Required action: The copy you return must begin at the line containing "22 Abington Ct, Little" and end at the final line of the listing below, with every picture left out.

Provided material:
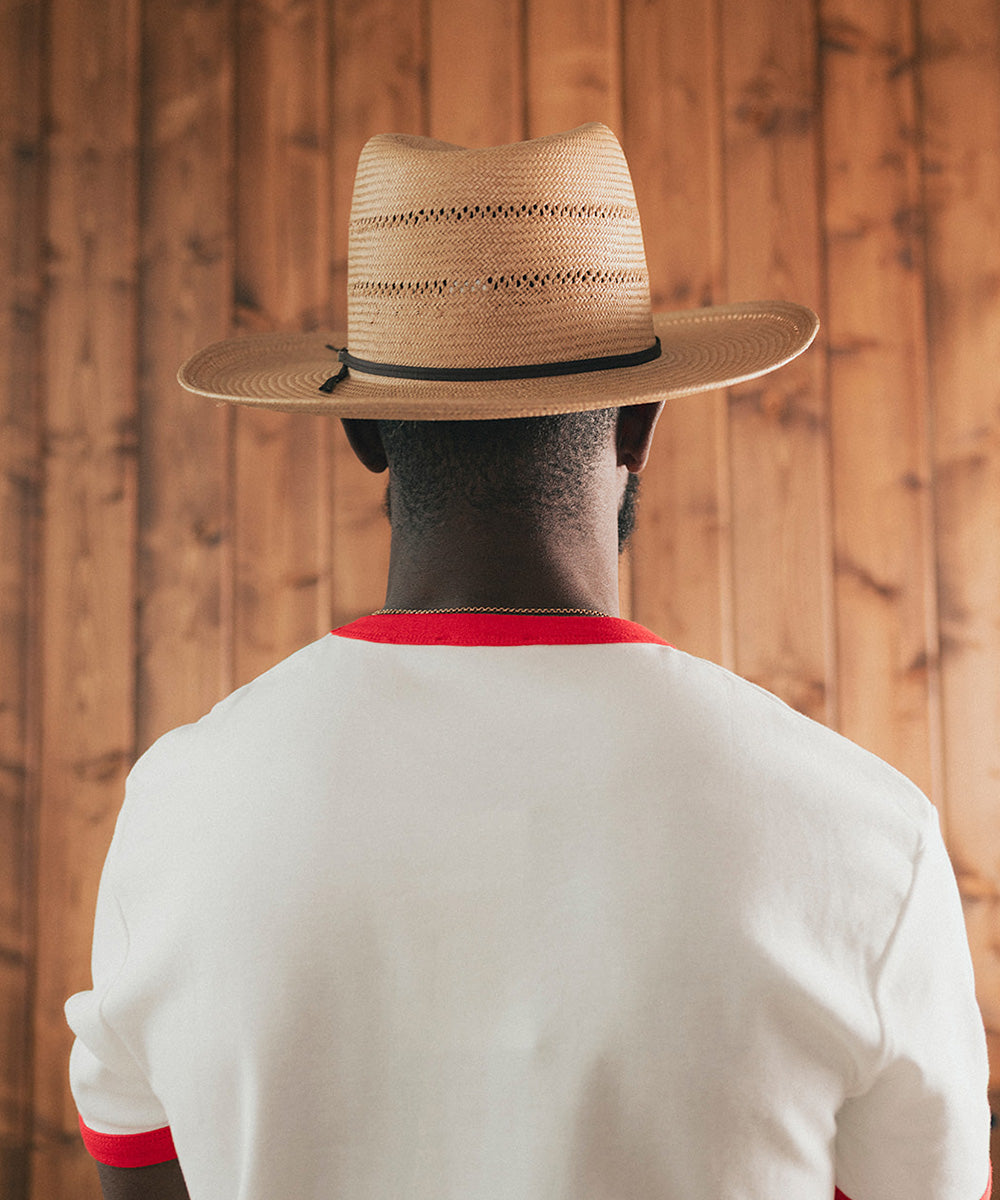Man wearing a straw hat and white shirt with red trim against a wooden background #color_natural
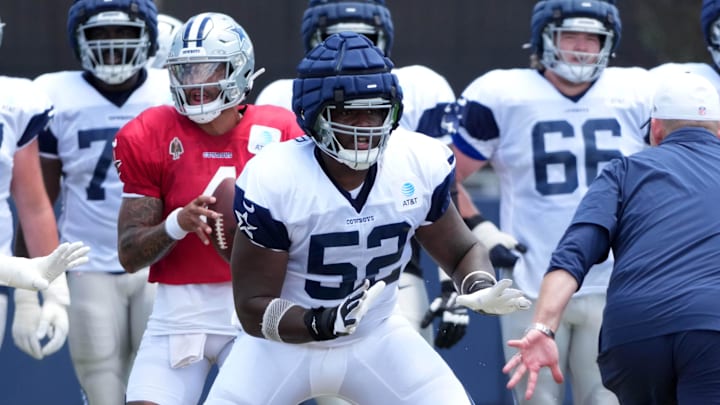 Dallas Cowboys quarterback Dak Prescott prepares to take the snap as guard Tyler Booker blocks at training camp Dallas Cowboys quarterback Dak Prescott prepares to take the snap as guard Tyler Booker blocks at training camp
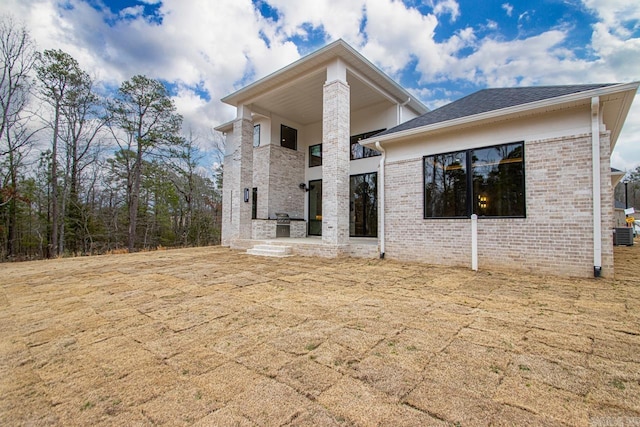 22 Abington Ct, Little Rock, AR 72223 - back of property with a balcony and brick siding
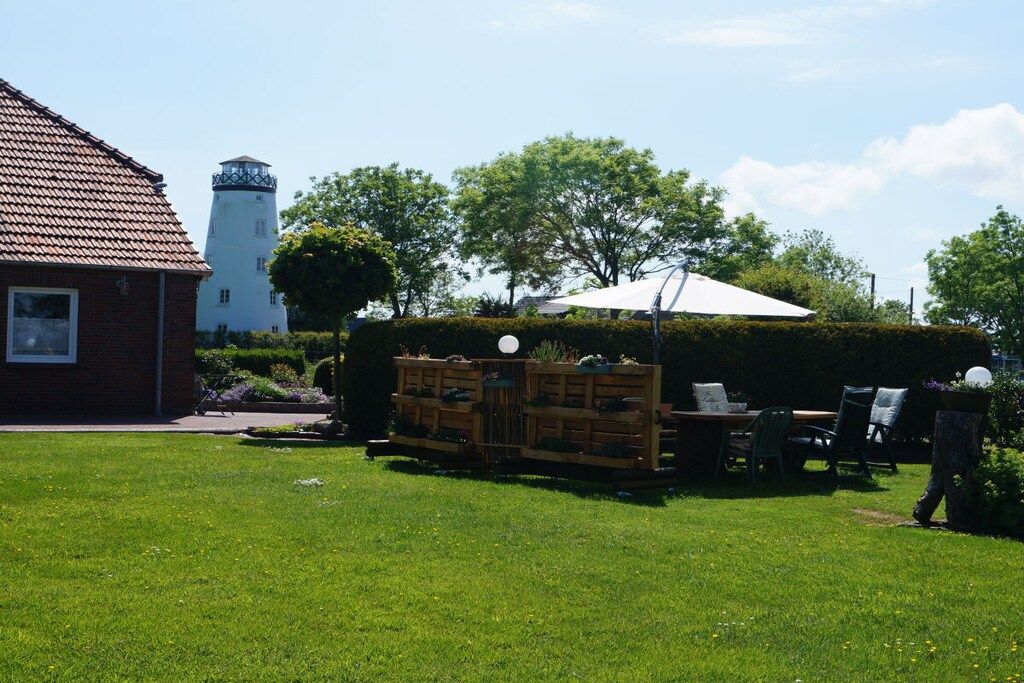 A garden with a wooden bench, a table, and chairs, a white umbrella, and a hedge.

Task result:
 22 Abington Ct, Little Rock, AR 72223 - back of property with a balcony and brick siding
 A garden with a wooden bench, a table, and chairs, a white umbrella, and a hedge.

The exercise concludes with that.